PostgreSQL's advanced hash functions like `DIGEST()` are part of the `pgcrypto` extension, which must be enabled first.

In [12]:
%%sql
CREATE EXTENSION IF NOT EXISTS pgcrypto;

 * postgresql://fahad:***@localhost:5432/people
Done.


[]

In [13]:
%%sql
SELECT
    sample_text,
    ENCODE(DIGEST(sample_text, 'md5'), 'hex') AS md5_hash,
    ENCODE(DIGEST(sample_text, 'sha256'), 'hex') AS sha256_hash
FROM hash_examples;

 * postgresql://fahad:***@localhost:5432/people
4 rows affected.


sample_text,md5_hash,sha256_hash
password123,482c811da5d5b4bc6d497ffa98491e38,ef92b778bafe771e89245b89ecbc08a44a4e166c06659911881f383d4473e94f
hello world,5eb63bbbe01eeed093cb22bb8f5acdc3,b94d27b9934d3e08a52e52d7da7dabfac484efe37a5380ee9088f7ace2efcde9
fahad_shah,49b53a7757d01474f6b9b60e60c4930e,fe33388b1237c29b92510e76609d7850e39133f4849ab791ef7947ca841b2a6d
pythonrocks,f553a2caad5cfa4673928ad9e507ac51,426a8d3a8b027fefd39ddb2b66a7c697e229ba1e75b8da2abbbfd622444f3b7e


---
## 3. Python `hashlib` Comparison

Python's built-in `hashlib` library produces the exact same hash values, demonstrating the standardization of these algorithms.

In [14]:
import hashlib

texts = ['password123', 'hello world', 'fahad_shah', 'pythonrocks']

for t in texts:
    md5 = hashlib.md5(t.encode()).hexdigest()
    sha256 = hashlib.sha256(t.encode()).hexdigest()
    print(f"Text: {t}\nMD5: {md5}\nSHA256: {sha256}\n")

Text: password123
MD5: 482c811da5d5b4bc6d497ffa98491e38
SHA256: ef92b778bafe771e89245b89ecbc08a44a4e166c06659911881f383d4473e94f

Text: hello world
MD5: 5eb63bbbe01eeed093cb22bb8f5acdc3
SHA256: b94d27b9934d3e08a52e52d7da7dabfac484efe37a5380ee9088f7ace2efcde9

Text: fahad_shah
MD5: 49b53a7757d01474f6b9b60e60c4930e
SHA256: fe33388b1237c29b92510e76609d7850e39133f4849ab791ef7947ca841b2a6d

Text: pythonrocks
MD5: f553a2caad5cfa4673928ad9e507ac51
SHA256: 426a8d3a8b027fefd39ddb2b66a7c697e229ba1e75b8da2abbbfd622444f3b7e



---
## 4. Concept: Hash Collisions

- Two different inputs producing the same hash output is called a **collision**.
- This is highly unlikely in secure algorithms like SHA256 but is common in simpler, non-cryptographic hash functions.

In [15]:
# Educational: Trivial hash function (sum of ord values modulo 10)
def trivial_hash(s):
    return sum(ord(c) for c in s) % 10

examples = ['abc', 'acb', 'bac', 'bca', 'cab', 'cba']
for e in examples:
    print(f"{e} -> hash: {trivial_hash(e)}")

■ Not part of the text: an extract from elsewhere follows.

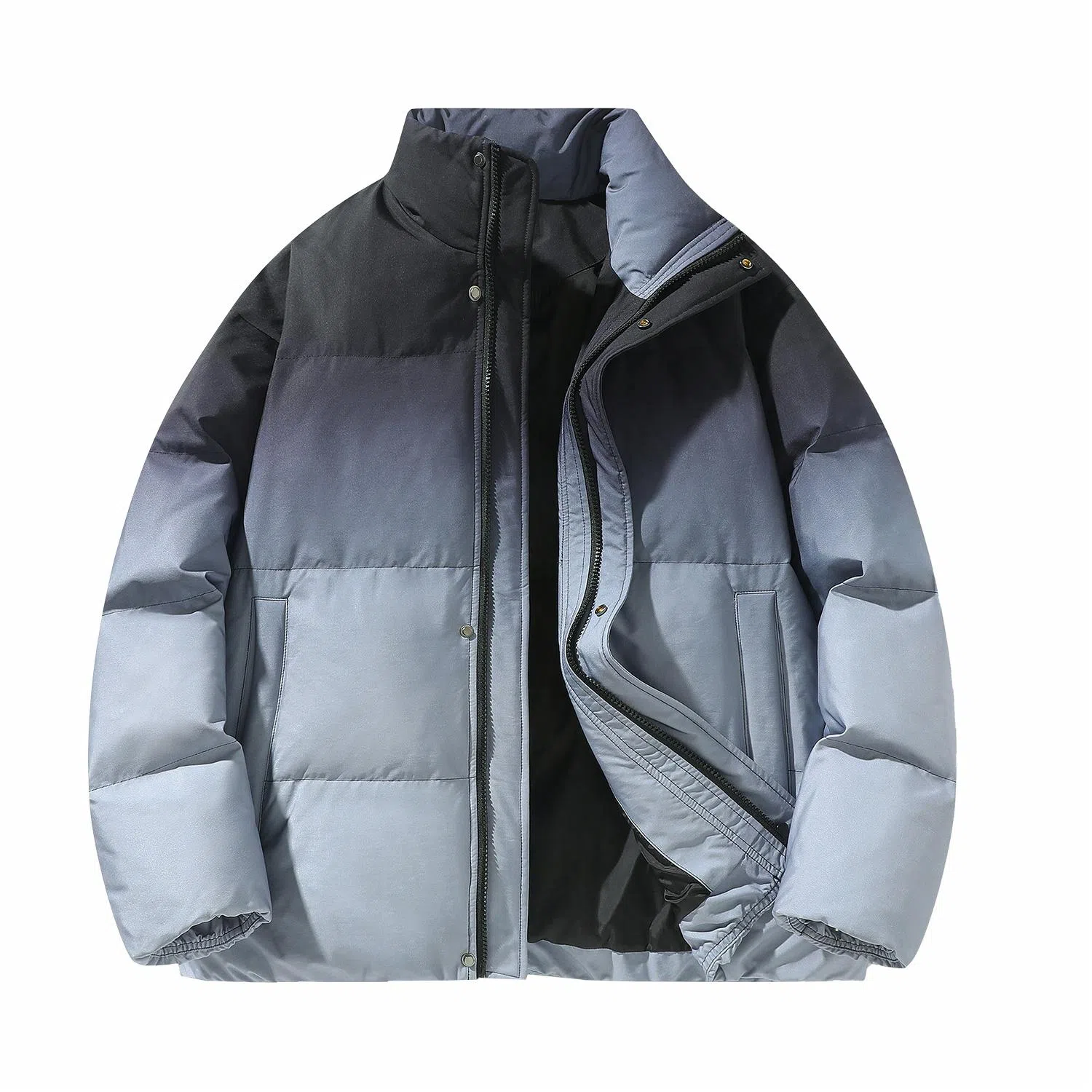 鸭鸭 美式幻影渐变新年战袍加厚保暖鸭绒休闲宽松立领短款无帽暗黑外套羽绒服 男女同款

# Notice collisions: All permutations of 'abc' produce the same trivial hash

abc -> hash: 4
acb -> hash: 4
bac -> hash: 4
bca -> hash: 4
cab -> hash: 4
cba -> hash: 4


---
## Notes

- MD5 is considered cryptographically broken and should not be used for security; use SHA-256 or stronger.
- PostgreSQL's `pgcrypto` is a powerful tool for in-database encryption and hashing.
- Hashing is a one-way process; you cannot reverse a hash to get the original text.
- Always store hash values instead of plaintext for sensitive information like passwords.